Fine della fase rialzista del mercato obbligazionario: la bolla sta per scoppiare

Cielinski (Columbia Threadneedle): quanto sarà forte la detonazione non è possibile prevederlo, poiché numerose forze deflazionistiche stanno ancora ribollendo appena sotto la superficie

Con una serie di eventi che hanno cambiato in un modo senza precedenti il panorama politico mondiale, dal referendum sull'appartenenza all'UE nel Regno Unito all'elezione di Donald Trump fino alla consultazione referendaria in Italia, il 2016 ha mutato irrevocabilmente i fattori principali che plasmano i mercati. È stato un anno contrassegnato da due fasi distinte. Il rally delle obbligazioni a inizio anno è stato più ampio del previsto, con ripetute spinte deflazionistiche sul mercato, e ciò ha ricordato agli investitori che il rischio geopolitico era ancora ben presente. Ne è conseguito un rally di particolare intensità, frenato dalla Brexit, con i rendimenti sui gilt decennali che sono passati dal 2% di inizio anno a quasi lo 0,5% a luglio, prima di tornare sull'1,5% a fine anno. Con il senno di poi, l'ulteriore intervento di quantitative easing all'indomani del referendum sulla Brexit appare sempre più come il canto del cigno della politica monetaria. È molto probabile che la correzione verificatasi nel secondo semestre dell'anno abbia segnato un punto di inflessione decretando la fine della lunga fase rialzista delle obbligazioni, innescata da un mix di sopravvalutazioni estreme contrapposte all'aspettativa che le regole in futuro cambieranno.


A nostro parere, era probabile che la bolla obbligazionaria scoppiasse, non a causa di un'improvvisa accelerazione della crescita o dell'inflazione, bensì per effetto di un cambiamento politico che avrebbe mutato le regole e scosso la compiacenza. Il mondo si sta lentamente abituando all'idea che la politica monetaria sta progressivamente facendo spazio a una politica fiscale espansiva. La vittoria di Trump ha rappresentato un punto di partenza inatteso per inaugurare questo trend, ma il segnale che ha lanciato sarà difficile da contenere.
La classe media, sentendosi marginalizzata, ha detto la sua: i tassi negativi e il quantitative easing sono mezzi inadeguati per aumentare il suo tenore di vita.

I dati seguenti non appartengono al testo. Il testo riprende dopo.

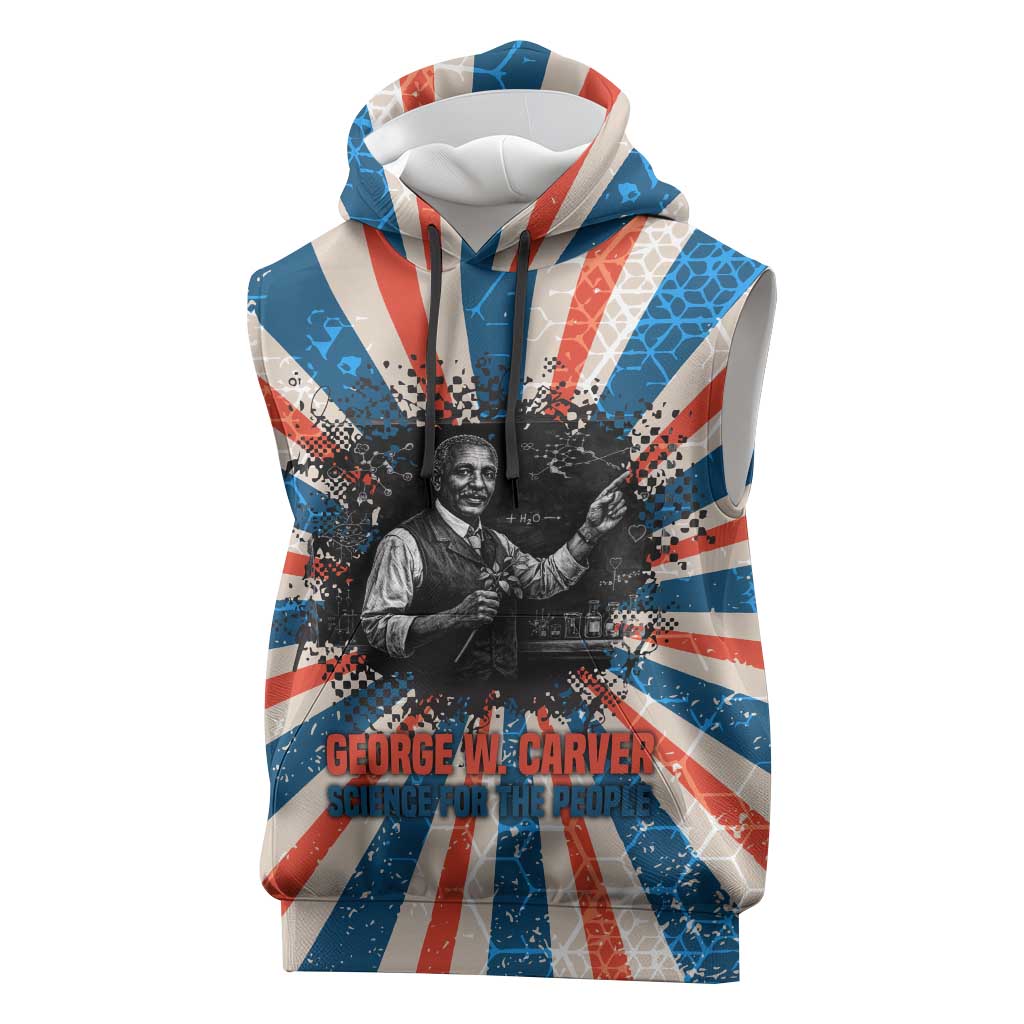 George Washington Carver Sleeveless Hoodie with Science Teaching Scene, Education Is the Key Quote - African Pride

Le regole del gioco devono cambiare. E se l'attuale establishment politico non è disposto a farlo, si troverà ben presto mandato a casa dal voto popolare, sostituito con qualcun altro che è intenzionato a procedere. Per un certo tempo, i mercati si sono abituati a pensare che qualsiasi dato deludente relativo alla crescita e all'inflazione sarebbe stato fronteggiato con una riduzione dei tassi o un intervento di quantitative easing.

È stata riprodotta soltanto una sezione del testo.